We measured the mold's capacity by filling it with water to estimate the required volume. Based on this, we calculated the amount of silicone needed, intentionally adding a small surplus to ensure the master model was completely covered.
The RTV Type 6 silicone requires a precise mixing ratio of 2% to 3% catalyst by weight. For every 100g of silicone base, we used a precision scale to add exactly 2g to 3g of catalyst. This precision is essential to ensure the material cures correctly and achieves its full mechanical resistance.
We mixed both components slowly and thoroughly for about 3 to 5 minutes, scraping the sides and bottom of the container to ensure no unmixed base remained. Unmixed material would prevent the mold from curing properly.
Once mixed, we had approximately 15 to 20 minutes to pour the silicone over the master model before it began to thicken. We poured from the lowest point of the mold box, allowing the material to rise naturally around the piece to minimize air bubbles.
We tapped the mold against the table so that any trapped bubbles would rise to the surface. The mold was then left to cure at room temperature for 4 to 8 hours depending on ambient temperature.
For the first casting process, I was in charge of using resin. We utilized SILIKAST EPOXY CRAFT A + B. The process consisted of pouring Part A and Part B into a cup at a 1:1 ratio (half and half), mixing them thoroughly, and pouring the mixture into the mold.
After letting it rest for 10 hours, the result was a beautiful, crystal-clear piece that captured every detail of the original Cabeza Clava.
For the second test, we used Resina Silikast 70D, which has a distinctive honey-like amber color. We followed the same process since it also consists of a Part A and Part B.
We let it cure for 5 hours — notably faster than the epoxy — and it yielded a very successful, solid amber-toned replica.
Both materials produced faithful replicas of the Cabeza Clava. The key difference is aesthetic and functional:
- Crystal clear, glass-like finish
- 10-hour cure time
- Best for decorative / transparent pieces
- Captures the finest surface details
- Honey amber color, opaque
- 5-hour cure time (faster)
- High impact resistance (70 Shore D)
- Better for functional structural parts
From left to right: 3D print original, Silikast 70D cast, and SILIKAST EPOXY CRAFT A+B cast
Technical Documentation — Resins & Silicones
As part of my group contribution, I documented the properties of all silicones and resins used.
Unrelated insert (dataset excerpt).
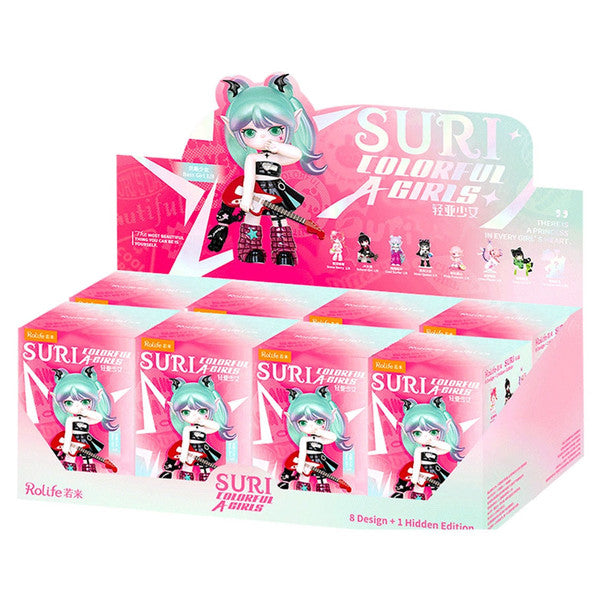 Rolife Suri's Colorful Girls Blind Box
Since these are Peruvian-origin products, formal international data sheets are not widely available — the information below is based on regional product specifications and manufacturer guidelines.
Resins
A high-performance rigid polyurethane resin designed for parts requiring high impact resistance and structural strength. Its honey-like amber color and extremely low viscosity make it ideal for capturing fine details without air entrapment.
It is also highly valued for its exceptional impact resistance and structural strength, making it the perfect choice for functional parts that require long-term durability.
↗ Product Page
| Technical Parameter | Detail |
|---|---|
| Mixing Ratio | 1:1 by weight (use a precision scale) |
| Pot Life | 2 minutes (at 23°C) |
| Hardening Time | 5 to 10 minutes |
| Demolding Time | 15 to 30 minutes (thicker pieces demold faster) |
| Final Hardness | 70 Shore D |
| Viscosity | Very low (similar to water) — excellent for fine details |
| Linear Shrinkage | < 0.1% (very low) |
A high-performance Epoxy Resin with low viscosity and high transparency, specifically designed for artistic casting and jewelry. Formulated to provide a crystal-clear, bubble-free, glass-like finish.
↗ Product Page
| Technical Parameter | Detail |
|---|---|
| Mixing Ratio | 1:1 by volume |
| Pot Life | 10 to 15 minutes |
| Viscosity | Low / Medium (self-leveling) |
| Touch Dry | 12 to 16 hours |
| Total Cure (>0.5 cm) | Up to 24 hours |
| Total Cure (<0.5 cm) | Up to 48 hours |
Silicones
A food-grade, platinum-cured RTV silicone rubber ideal for high-precision molds and special effects. Its semi-translucent appearance and soft 10 Shore A hardness make it extremely versatile for detailed reproductions.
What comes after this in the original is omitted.